WordPress.org

Make WordPress Core

Opened 5 years ago

Closed 5 years ago

Last modified 5 years ago

#9989 closed defect (bug) (worksforme)

1&1 and Wordpress 2.8

Reported by: mattredman Owned by:
Milestone: Priority: normal
Severity: normal Version: 2.8
Component: General Keywords: reporter-feedback
Focuses: Cc:

Description

After upgrading to Wordpress 2.8 b2 from 2.7.1, I had several php errors. I had to turn on PHP5 to get anything with the admin to load. As a result of turning PHP5 on, I had to make a php.ini file in each directory with settings for allow_url_include to be ON so that my php include() functions used in many of my themes would work.

Change History (10)

comment:1 mattredman5 years ago

Note, my host is 1&1

comment:2 dd325 years ago

Would you by any chance know what your previous PHP version was, or what some of the errors were?

comment:3 dd325 years ago

  • Keywords reporter-feedback added

Just did a check, And no functions that require greater than PHP 4.3 seem to be used in core without proper checks to see if its available..

I know Azaozz uses PHP4 only (As its easier to test WP on given the minimum req's)..

comment:4 ryan5 years ago

I test with php4 all the time. It runs fine here. What were the errors?

comment:5 ryan5 years ago

And php5 runs fine no matter the allow_url_include setting. WP shouldn't be including urls anywhere.

comment:6 azaozz5 years ago

What exactly are "my php include() functions used in many of my themes"? Can you post some examples. Do the rest of the require() and include() calls in WordPress work properly?

comment:7 hakre5 years ago

mattredman: Please enable a standard theme and disable all third party plugins. Then test again and report if or not the problem still exists.

comment:8 robertaccettura5 years ago

I'm not sure a theme or plugin should ever really be using allow_url_include as it's inherently very insecure and thus *should* be disabled on secure systems. Including from a remote source is extremely risky. If the remote source is compromised it can include bad code injecting anything from spam to other malware onto the host server (since it would have all permissions that wordpress and php have).

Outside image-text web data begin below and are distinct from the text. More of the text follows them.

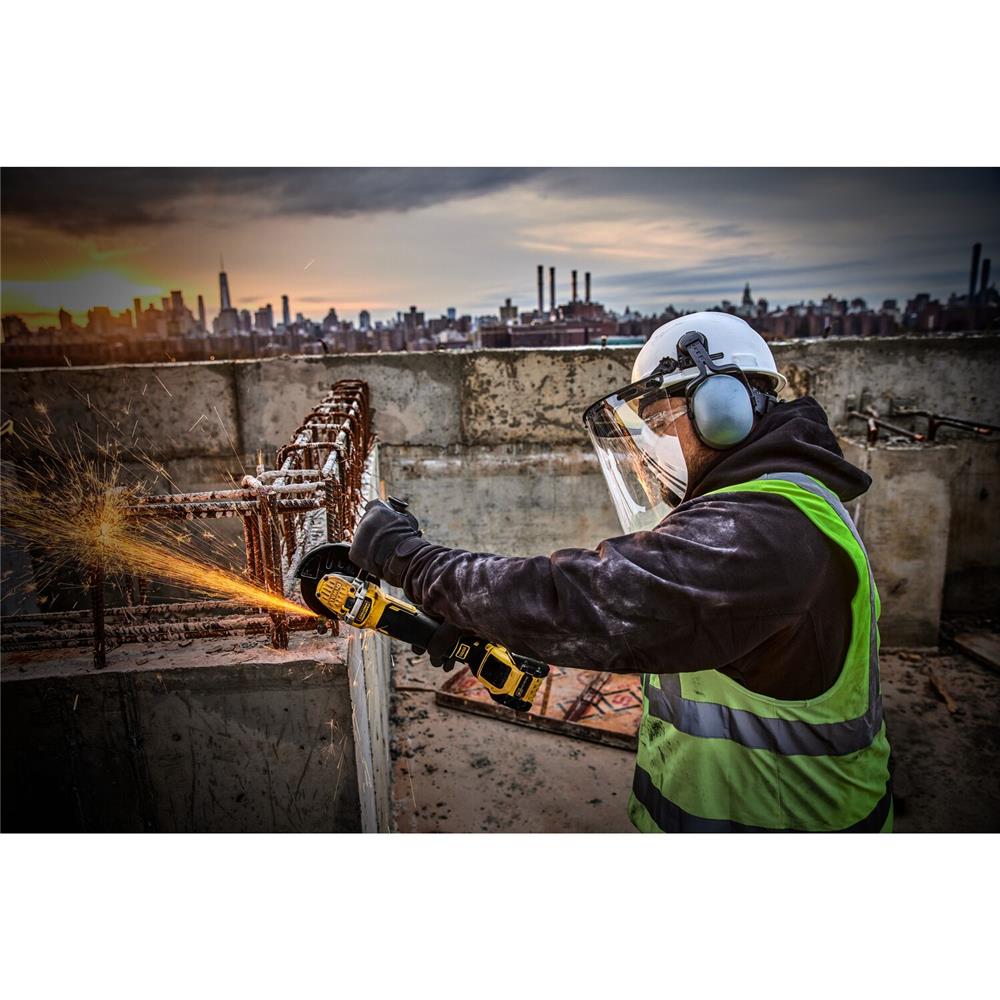 ชุดสว่านกระแทกและเครื่องเจียรไร้สาย (พร้อมแบตเตอรี่และแท่นชาร์จ) DEWALT DCK2026P2T-B1 20 โวลต์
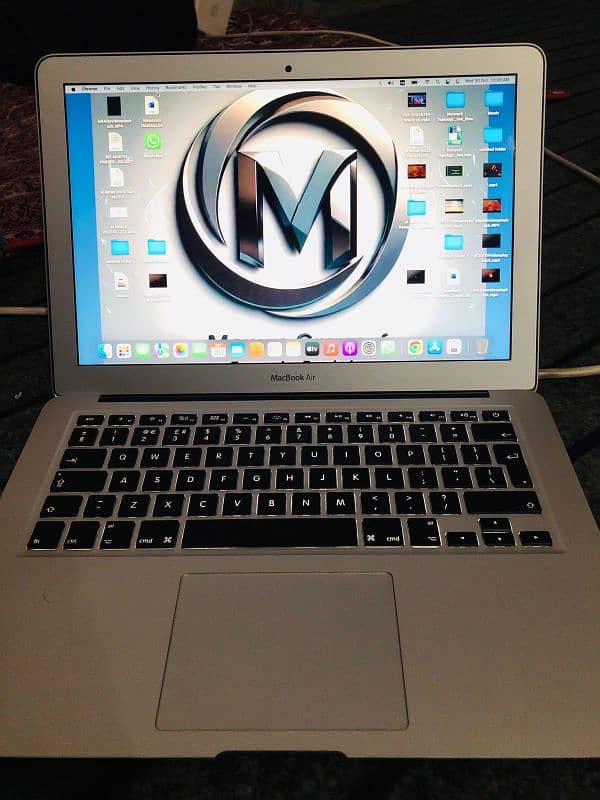 apple macbook air for sale. 2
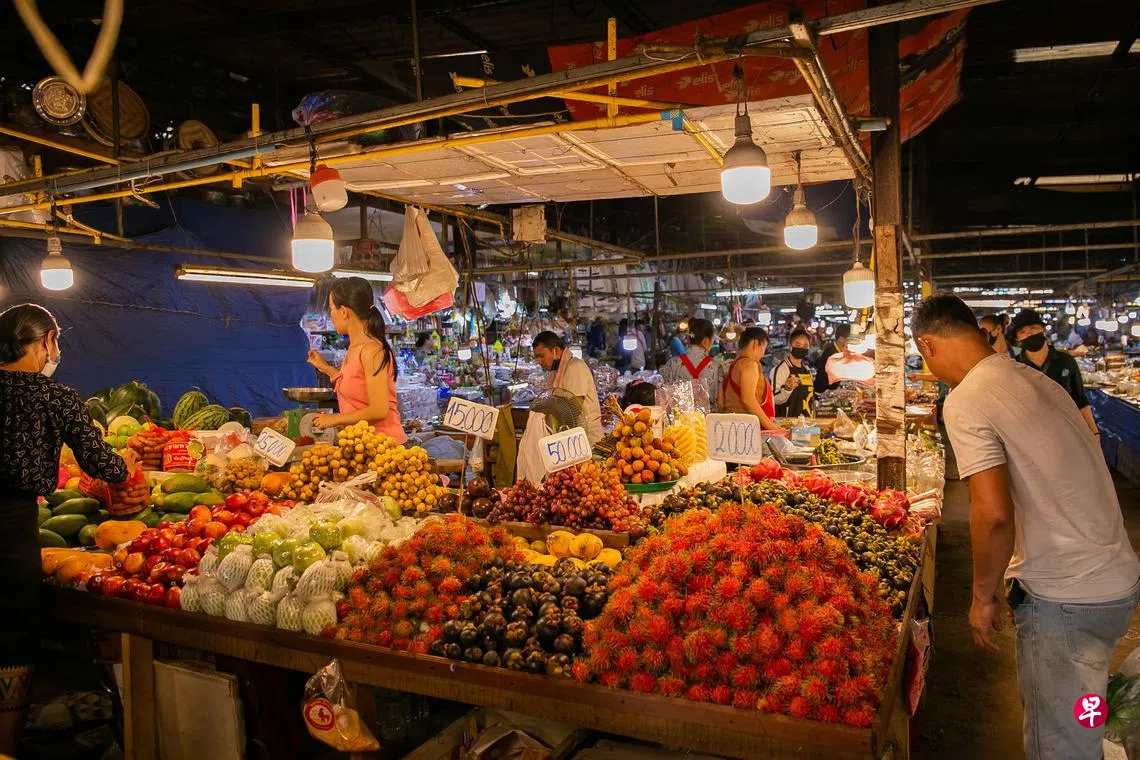 现金储备减少通胀加剧老挝或成亚洲下个主权债务违约国家| 联合早报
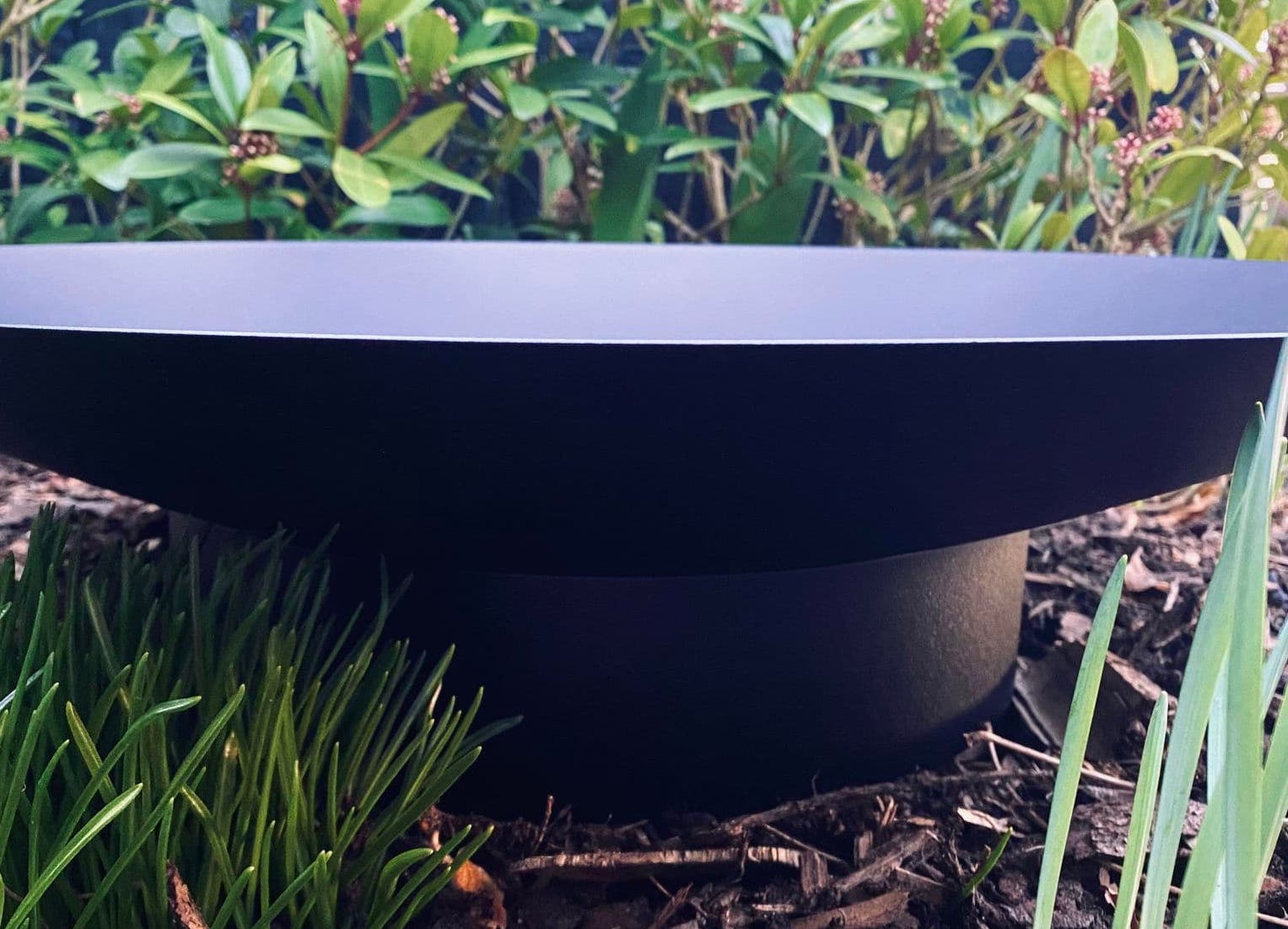 Spiegelbecken aus Metall & Kunststoff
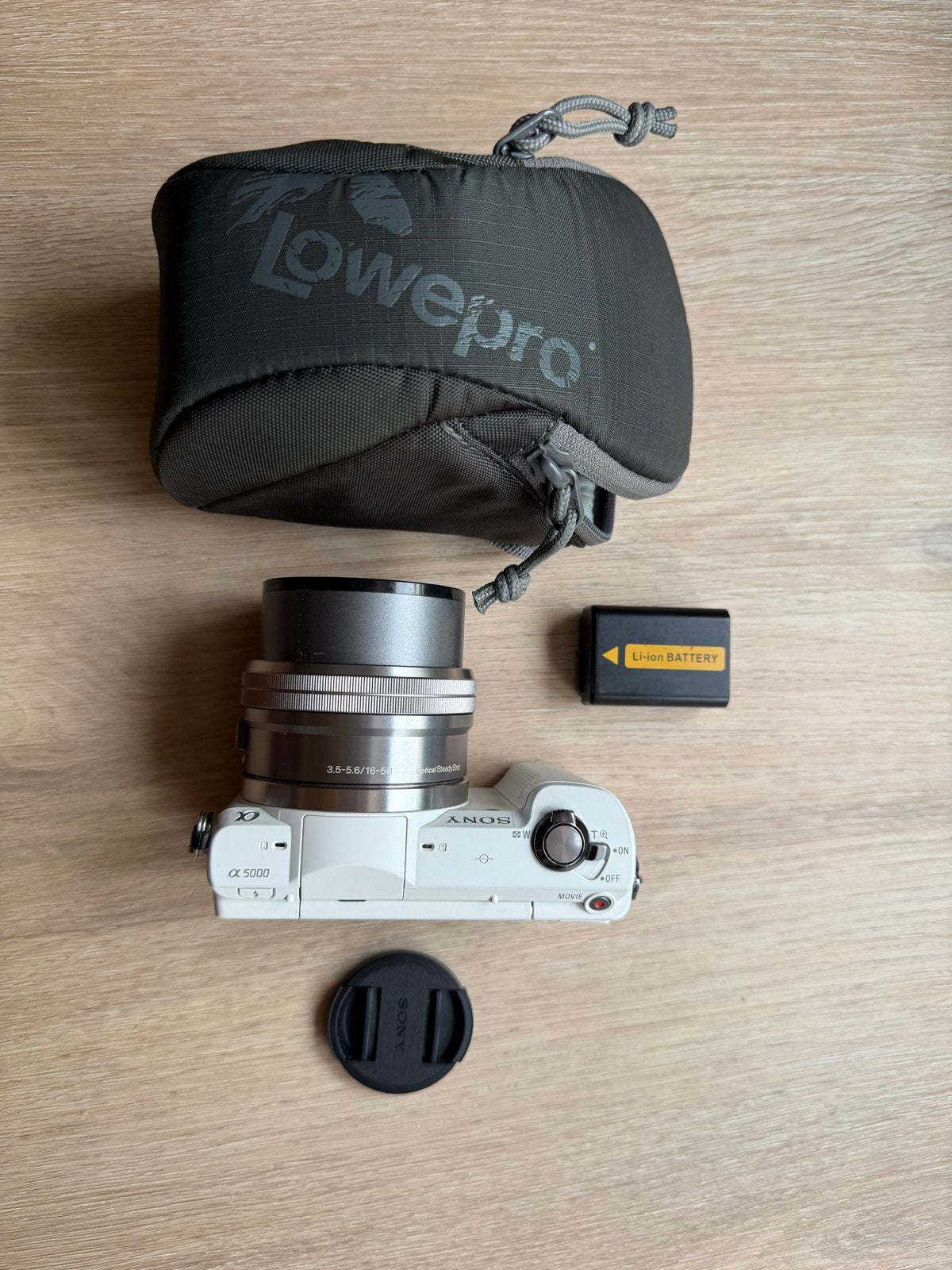 Sony A5000 Systeemcamera met 16-50mm Lens, Audio, Tv en Foto, Ophalen, Beeldstabilisatie, Zo goed als nieuw, Accu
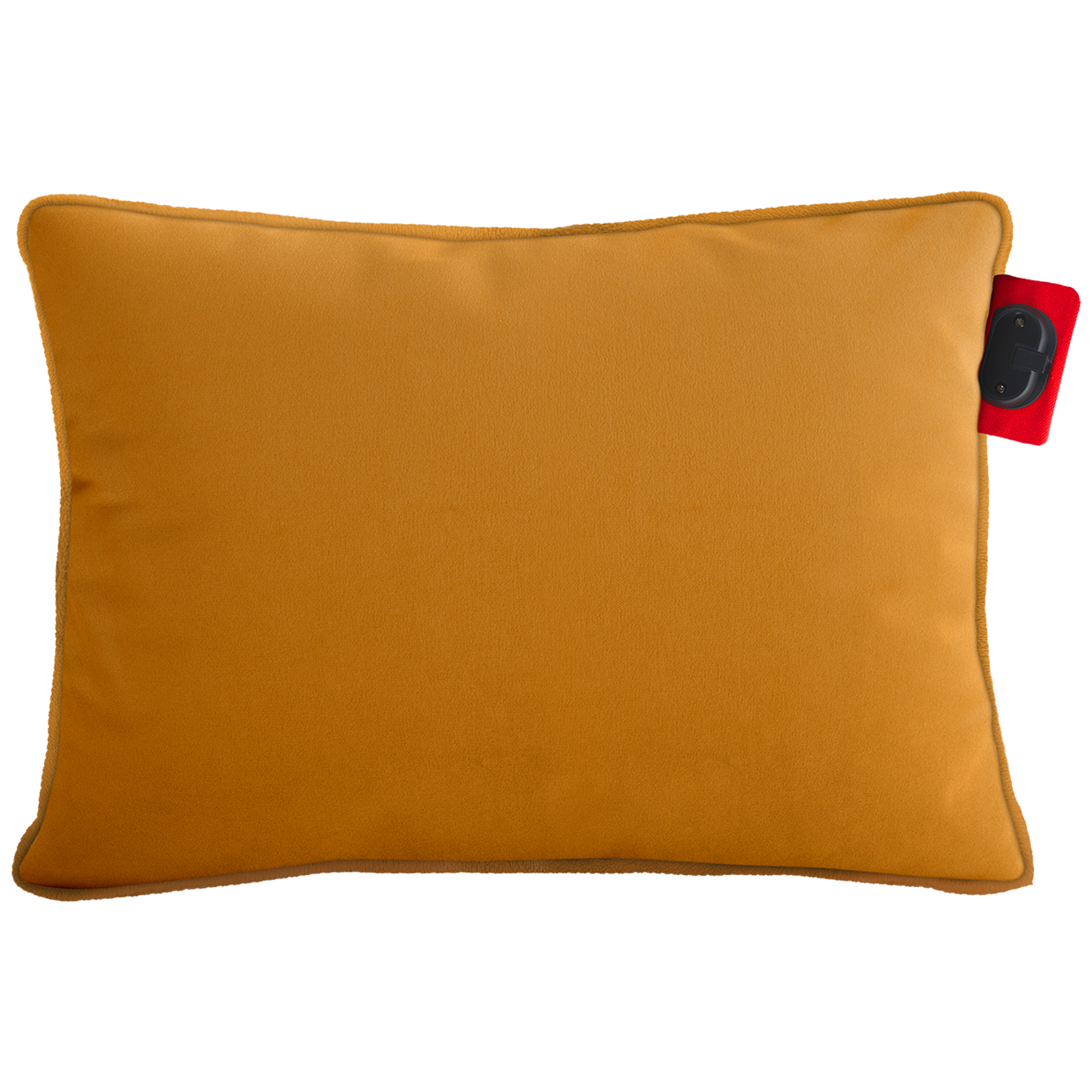 Mosterdkleurig rechthoekig kussen met bruine rand. Een rood label met een zwart object is bevestigd.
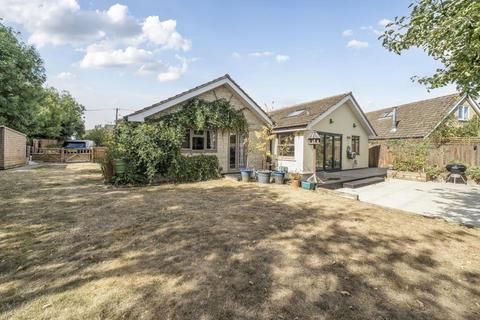 undefined, Carterton,  Oxfordshire,  OX18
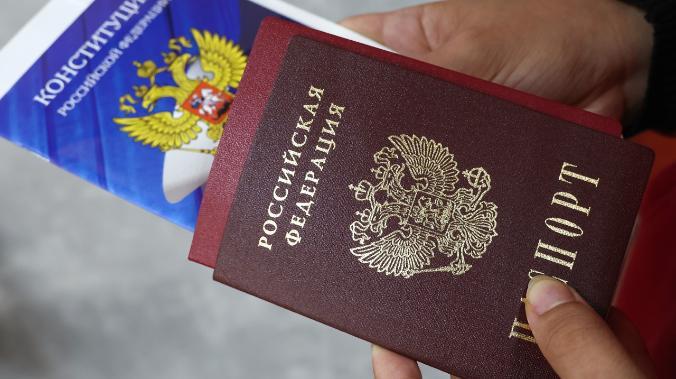 В Крыму переселенцам выдали 13 000 паспортов РФ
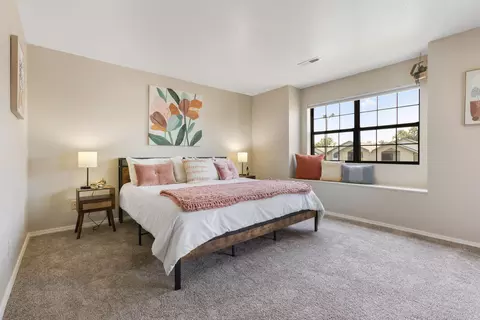 Bedroom - 2700 Green Mountain Dr #2, Branson, MO 65616 photo 3 of 4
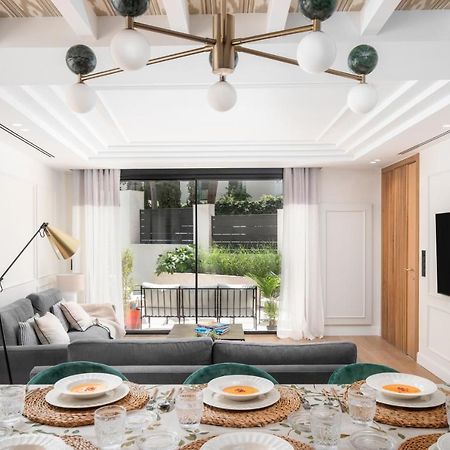 Apartamentos La Zagalilla Málaga Exteriör bild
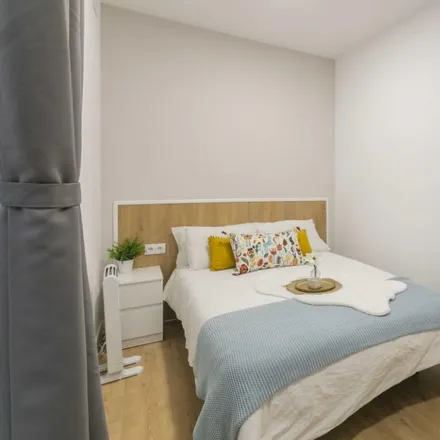 Rent this 8 bed room on Madrid in Dantxari, Calle de Ventura Rodríguez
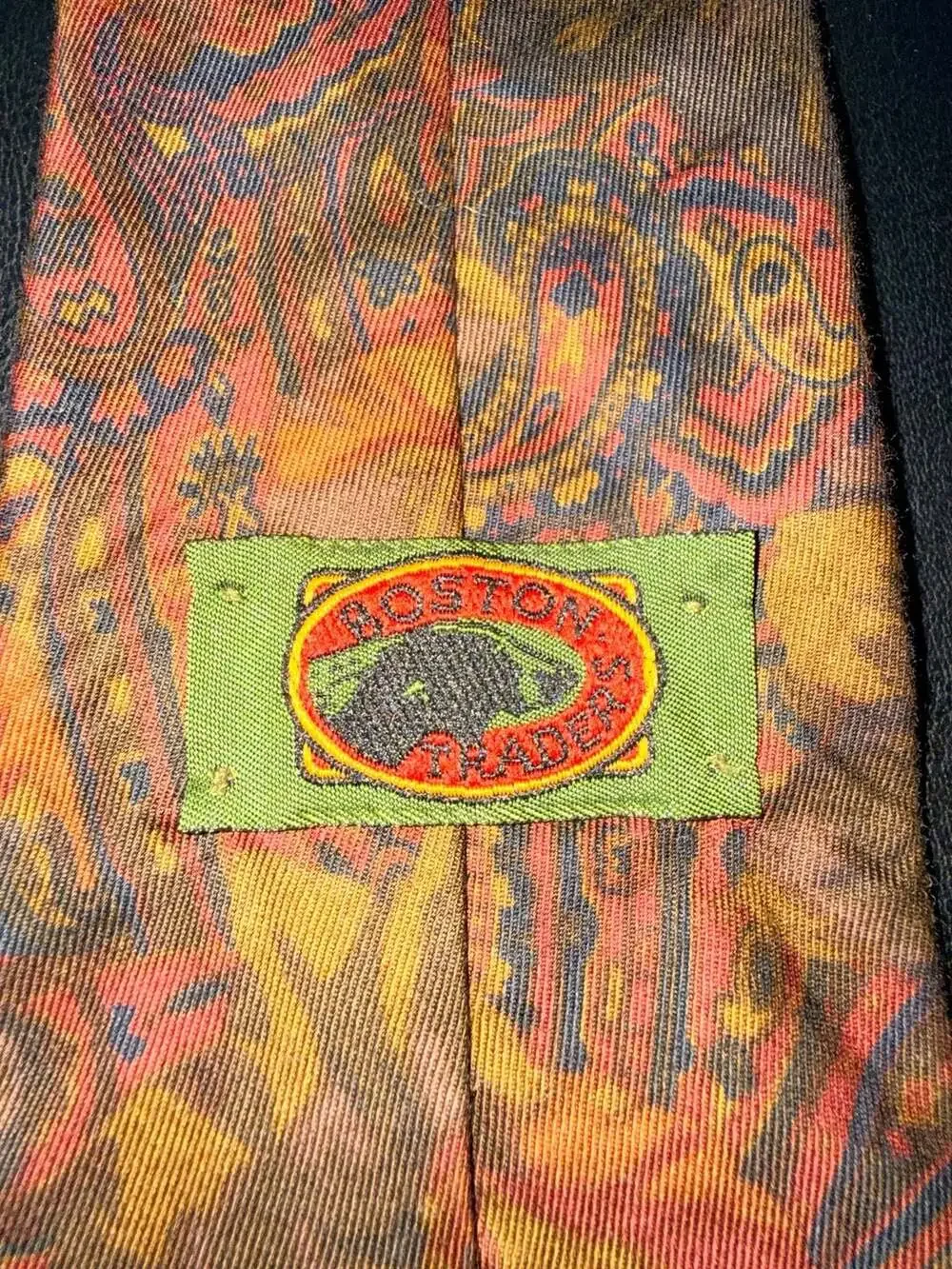 Boston Traders Vintage Paisley Pattern Necktie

Perhaps to help kill this harmful practice the following should be added to wp-settings.php:

ini_set('allow_url_include', 'Off')

A theme can in theory just turn it back on, but hopefully this will at least discourage the behavior for less experienced developers.

comment:9 JDTrower5 years ago

  • Resolution set to worksforme
  • Status changed from new to closed

I have 1&1 hosting as well. Normally I run WordPress on PHP5, however on a development site that I am working on, I went ahead and upgraded to Wordpress 2.8b2 and ran the site on PHP4 (specifically PHP version 4.4.9 on 1&1 hosting). Everything worked fine with the default theme and no plugins. I do not have allow_url_include activated on my site, and everything appears to be working fine in Wordpress 2.8b2 as well as 2.8b2-11491. As WordPress 2.8b2 works as intended on 1&1 with PHP4 for me, the problem must be due to a theme or plugin the original reporter has on his install therefore I am closing this as worksforme and the original poster can reopen if the problem continues to occur after he deactivates all plugins and goes to the default theme.

comment:10 Denis-de-Bernardy5 years ago

  • Milestone 2.8 deleted
Note: See TracTickets for help on using tickets.